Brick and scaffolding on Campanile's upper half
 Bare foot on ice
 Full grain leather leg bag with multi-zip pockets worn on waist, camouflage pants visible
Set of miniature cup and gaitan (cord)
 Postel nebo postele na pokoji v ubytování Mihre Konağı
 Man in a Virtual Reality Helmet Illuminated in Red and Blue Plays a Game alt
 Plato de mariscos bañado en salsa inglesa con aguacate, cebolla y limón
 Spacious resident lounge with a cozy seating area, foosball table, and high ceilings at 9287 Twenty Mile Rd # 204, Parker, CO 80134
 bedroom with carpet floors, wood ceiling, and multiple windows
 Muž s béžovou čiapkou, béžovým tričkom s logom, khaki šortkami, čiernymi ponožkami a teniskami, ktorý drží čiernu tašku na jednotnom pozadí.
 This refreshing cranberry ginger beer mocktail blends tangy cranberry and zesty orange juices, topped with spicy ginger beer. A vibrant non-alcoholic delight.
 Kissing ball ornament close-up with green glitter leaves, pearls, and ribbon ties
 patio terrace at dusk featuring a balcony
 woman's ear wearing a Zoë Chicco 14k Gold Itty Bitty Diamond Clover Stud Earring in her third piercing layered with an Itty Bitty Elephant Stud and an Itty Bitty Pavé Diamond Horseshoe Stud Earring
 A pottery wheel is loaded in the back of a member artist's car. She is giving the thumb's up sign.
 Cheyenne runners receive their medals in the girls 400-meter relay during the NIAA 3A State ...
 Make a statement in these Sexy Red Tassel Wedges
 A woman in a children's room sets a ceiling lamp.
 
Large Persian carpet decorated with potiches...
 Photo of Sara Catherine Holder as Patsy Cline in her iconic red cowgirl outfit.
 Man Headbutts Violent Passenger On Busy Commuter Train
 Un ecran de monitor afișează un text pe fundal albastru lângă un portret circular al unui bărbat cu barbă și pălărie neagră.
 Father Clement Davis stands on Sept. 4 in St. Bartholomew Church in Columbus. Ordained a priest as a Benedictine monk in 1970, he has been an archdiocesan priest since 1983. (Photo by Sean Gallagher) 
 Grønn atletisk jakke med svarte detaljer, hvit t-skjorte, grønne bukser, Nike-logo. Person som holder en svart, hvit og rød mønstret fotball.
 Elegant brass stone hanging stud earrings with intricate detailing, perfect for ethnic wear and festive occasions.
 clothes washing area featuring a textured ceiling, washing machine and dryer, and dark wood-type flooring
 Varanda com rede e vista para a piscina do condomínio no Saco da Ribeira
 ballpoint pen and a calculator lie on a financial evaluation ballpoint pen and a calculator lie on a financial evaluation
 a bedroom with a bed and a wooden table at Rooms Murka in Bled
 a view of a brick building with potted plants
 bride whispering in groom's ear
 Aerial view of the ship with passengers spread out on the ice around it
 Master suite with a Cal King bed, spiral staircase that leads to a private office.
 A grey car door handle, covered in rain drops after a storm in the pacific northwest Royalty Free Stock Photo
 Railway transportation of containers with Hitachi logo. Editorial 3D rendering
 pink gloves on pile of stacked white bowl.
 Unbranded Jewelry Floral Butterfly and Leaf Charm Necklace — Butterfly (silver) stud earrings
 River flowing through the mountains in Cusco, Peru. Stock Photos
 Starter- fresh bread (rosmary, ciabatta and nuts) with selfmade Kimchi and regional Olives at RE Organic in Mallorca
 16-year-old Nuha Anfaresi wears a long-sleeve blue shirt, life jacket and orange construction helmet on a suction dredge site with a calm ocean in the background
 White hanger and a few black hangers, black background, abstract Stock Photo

[Work order]: What is needed is an exact reproduction of the data.

[Solved exercise]:
Brick and scaffolding on Campanile's upper half
 Bare foot on ice
 Full grain leather leg bag with multi-zip pockets worn on waist, camouflage pants visible
Set of miniature cup and gaitan (cord)
 Postel nebo postele na pokoji v ubytování Mihre Konağı
 Man in a Virtual Reality Helmet Illuminated in Red and Blue Plays a Game alt
 Plato de mariscos bañado en salsa inglesa con aguacate, cebolla y limón
 Spacious resident lounge with a cozy seating area, foosball table, and high ceilings at 9287 Twenty Mile Rd # 204, Parker, CO 80134
 bedroom with carpet floors, wood ceiling, and multiple windows
 Muž s béžovou čiapkou, béžovým tričkom s logom, khaki šortkami, čiernymi ponožkami a teniskami, ktorý drží čiernu tašku na jednotnom pozadí.
 This refreshing cranberry ginger beer mocktail blends tangy cranberry and zesty orange juices, topped with spicy ginger beer. A vibrant non-alcoholic delight.
 Kissing ball ornament close-up with green glitter leaves, pearls, and ribbon ties
 patio terrace at dusk featuring a balcony
 woman's ear wearing a Zoë Chicco 14k Gold Itty Bitty Diamond Clover Stud Earring in her third piercing layered with an Itty Bitty Elephant Stud and an Itty Bitty Pavé Diamond Horseshoe Stud Earring
 A pottery wheel is loaded in the back of a member artist's car. She is giving the thumb's up sign.
 Cheyenne runners receive their medals in the girls 400-meter relay during the NIAA 3A State ...
 Make a statement in these Sexy Red Tassel Wedges
 A woman in a children's room sets a ceiling lamp.
 
Large Persian carpet decorated with potiches...
 Photo of Sara Catherine Holder as Patsy Cline in her iconic red cowgirl outfit.
 Man Headbutts Violent Passenger On Busy Commuter Train
 Un ecran de monitor afișează un text pe fundal albastru lângă un portret circular al unui bărbat cu barbă și pălărie neagră.
 Father Clement Davis stands on Sept. 4 in St. Bartholomew Church in Columbus. Ordained a priest as a Benedictine monk in 1970, he has been an archdiocesan priest since 1983. (Photo by Sean Gallagher) 
 Grønn atletisk jakke med svarte detaljer, hvit t-skjorte, grønne bukser, Nike-logo. Person som holder en svart, hvit og rød mønstret fotball.
 Elegant brass stone hanging stud earrings with intricate detailing, perfect for ethnic wear and festive occasions.
 clothes washing area featuring a textured ceiling, washing machine and dryer, and dark wood-type flooring
 Varanda com rede e vista para a piscina do condomínio no Saco da Ribeira
 ballpoint pen and a calculator lie on a financial evaluation ballpoint pen and a calculator lie on a financial evaluation
 a bedroom with a bed and a wooden table at Rooms Murka in Bled
 a view of a brick building with potted plants
 bride whispering in groom's ear
 Aerial view of the ship with passengers spread out on the ice around it
 Master suite with a Cal King bed, spiral staircase that leads to a private office.
 A grey car door handle, covered in rain drops after a storm in the pacific northwest Royalty Free Stock Photo
 Railway transportation of containers with Hitachi logo. Editorial 3D rendering
 pink gloves on pile of stacked white bowl.
 Unbranded Jewelry Floral Butterfly and Leaf Charm Necklace — Butterfly (silver) stud earrings
 River flowing through the mountains in Cusco, Peru. Stock Photos
 Starter- fresh bread (rosmary, ciabatta and nuts) with selfmade Kimchi and regional Olives at RE Organic in Mallorca
 16-year-old Nuha Anfaresi wears a long-sleeve blue shirt, life jacket and orange construction helmet on a suction dredge site with a calm ocean in the background
 White hanger and a few black hangers, black background, abstract Stock Photo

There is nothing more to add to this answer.